TASK BRIEF :: Go through the listing below and retype exactly the lines starting at the one with "Emerald Black Sea" and ending at the one with "Orange and white", skipping pictures.

PROVIDED RECORDS ::
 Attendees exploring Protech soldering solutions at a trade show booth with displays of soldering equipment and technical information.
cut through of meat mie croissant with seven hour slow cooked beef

==

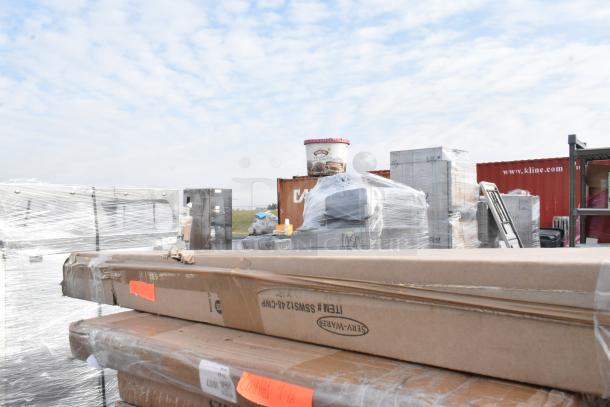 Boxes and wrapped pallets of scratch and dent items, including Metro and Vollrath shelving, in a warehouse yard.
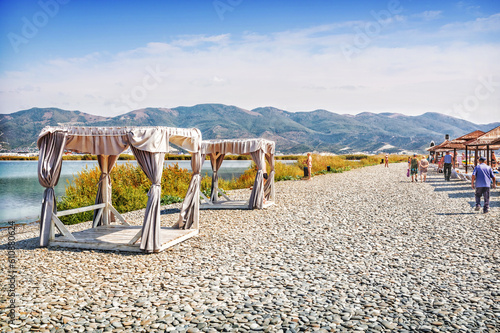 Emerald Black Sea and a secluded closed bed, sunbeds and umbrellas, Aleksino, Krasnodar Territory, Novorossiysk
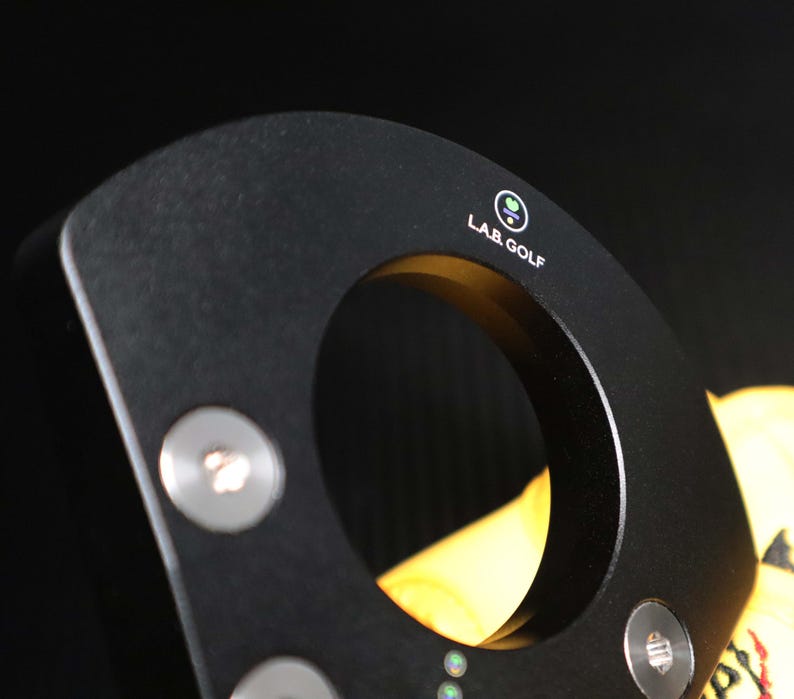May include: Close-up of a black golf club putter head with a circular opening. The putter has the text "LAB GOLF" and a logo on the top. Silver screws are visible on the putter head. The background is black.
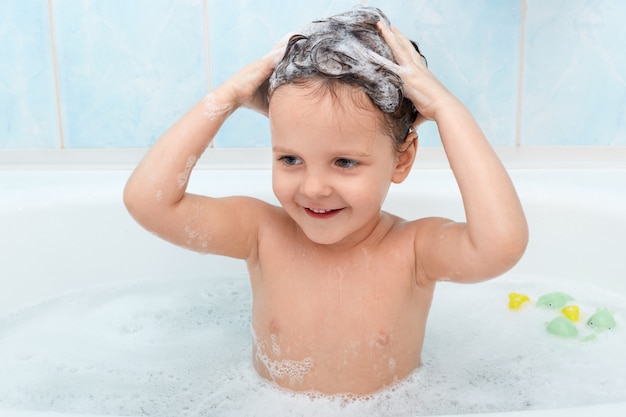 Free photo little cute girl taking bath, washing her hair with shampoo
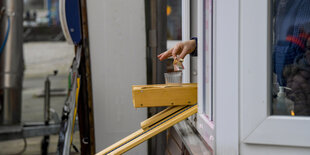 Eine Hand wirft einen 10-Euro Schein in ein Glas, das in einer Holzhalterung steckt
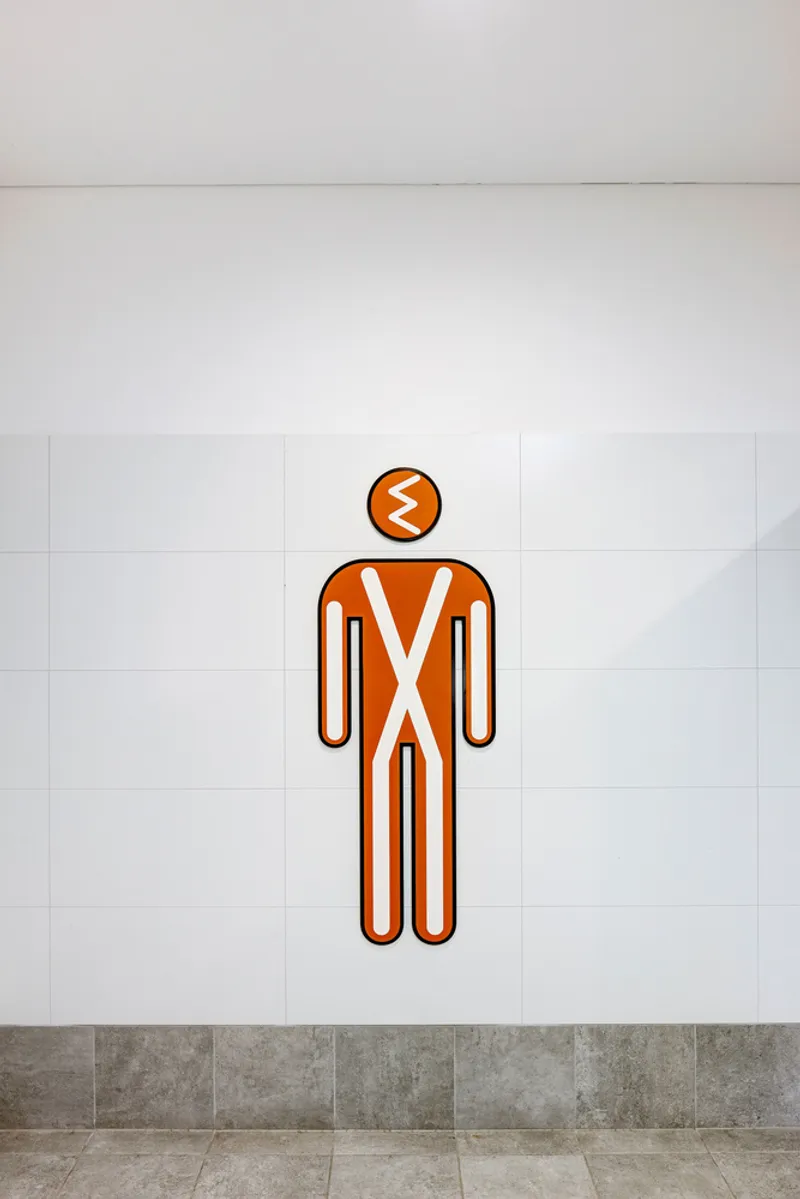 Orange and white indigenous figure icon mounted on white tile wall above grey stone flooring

SOLUTION TO THE PROBLEM ::
 Emerald Black Sea and a secluded closed bed, sunbeds and umbrellas, Aleksino, Krasnodar Territory, Novorossiysk
May include: Close-up of a black golf club putter head with a circular opening. The putter has the text "LAB GOLF" and a logo on the top. Silver screws are visible on the putter head. The background is black.
 Free photo little cute girl taking bath, washing her hair with shampoo
 Eine Hand wirft einen 10-Euro Schein in ein Glas, das in einer Holzhalterung steckt
 Orange and white indigenous figure icon mounted on white tile wall above grey stone flooring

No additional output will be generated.